• **WORK TASK**
Return each entry below word for word, leaving out any image.

• **DATA SECTION**
+++
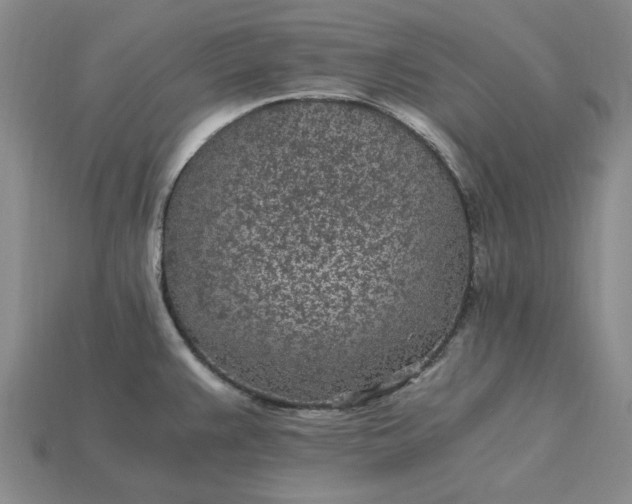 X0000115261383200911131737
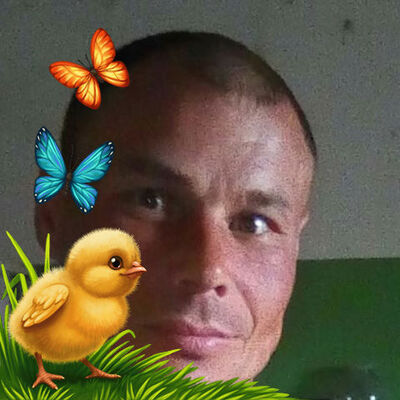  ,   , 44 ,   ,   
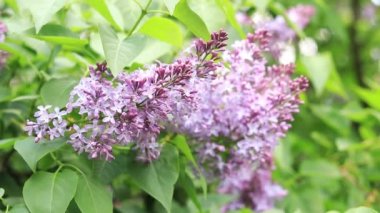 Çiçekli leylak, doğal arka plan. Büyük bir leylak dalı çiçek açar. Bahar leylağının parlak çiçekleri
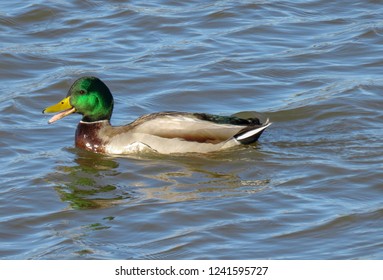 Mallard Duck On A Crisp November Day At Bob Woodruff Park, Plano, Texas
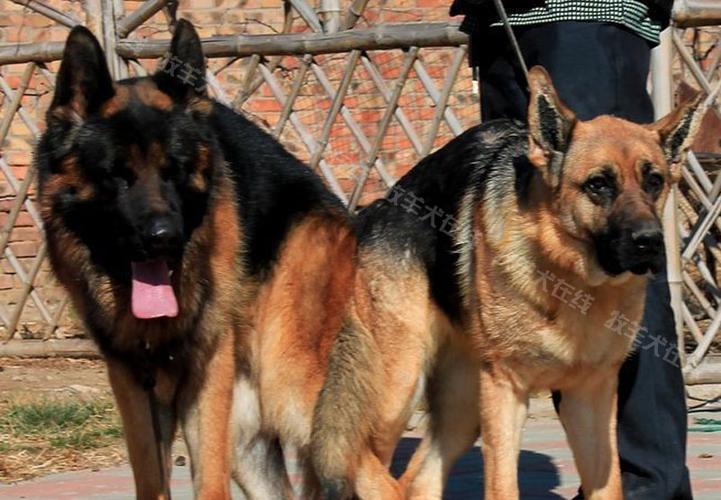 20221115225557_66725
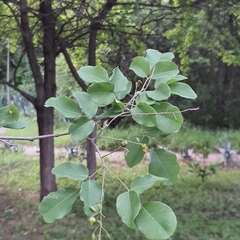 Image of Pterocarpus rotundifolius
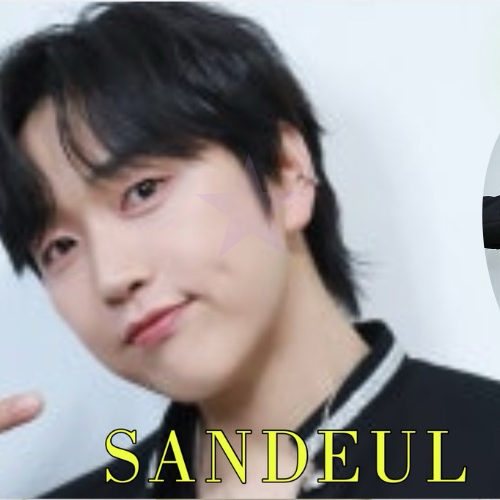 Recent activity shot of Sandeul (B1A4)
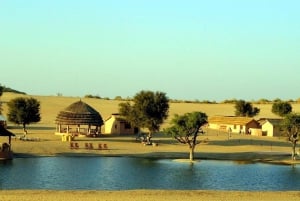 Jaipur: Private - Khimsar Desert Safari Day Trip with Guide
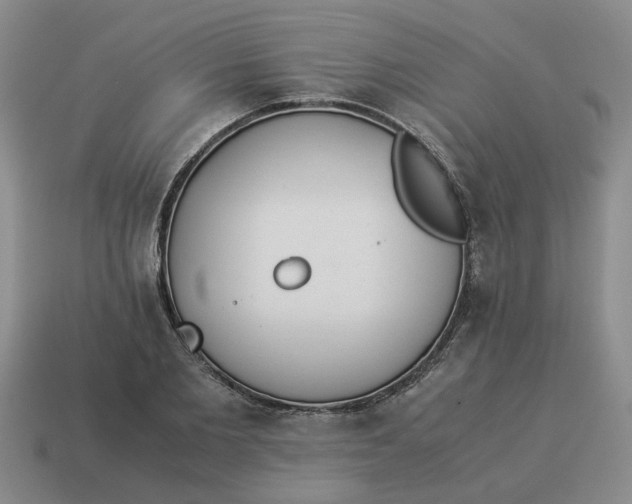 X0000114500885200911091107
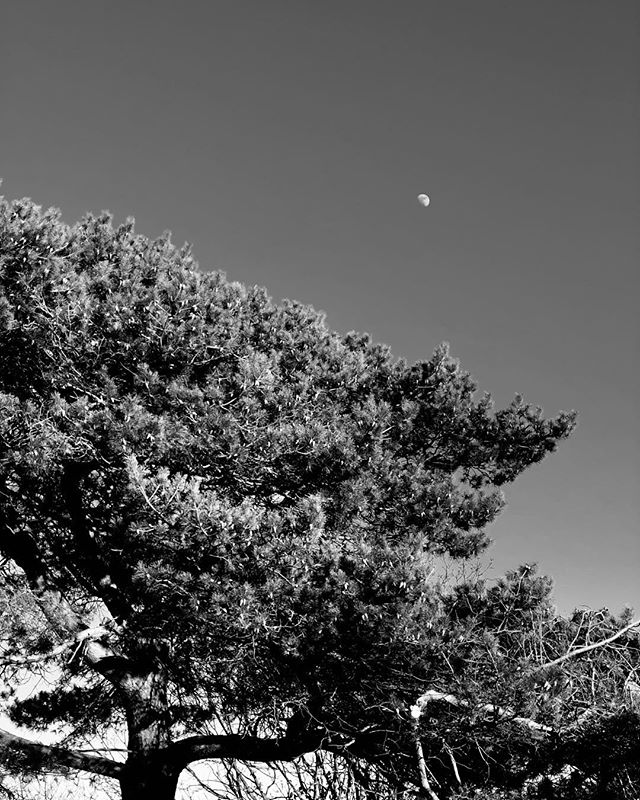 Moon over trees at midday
+++
• **WORKED SOLUTION**
 X0000115261383200911131737
  ,   , 44 ,   ,   
 Çiçekli leylak, doğal arka plan. Büyük bir leylak dalı çiçek açar. Bahar leylağının parlak çiçekleri
 Mallard Duck On A Crisp November Day At Bob Woodruff Park, Plano, Texas
 20221115225557_66725
 Image of Pterocarpus rotundifolius
 Recent activity shot of Sandeul (B1A4)
 Jaipur: Private - Khimsar Desert Safari Day Trip with Guide
 X0000114500885200911091107
 Moon over trees at midday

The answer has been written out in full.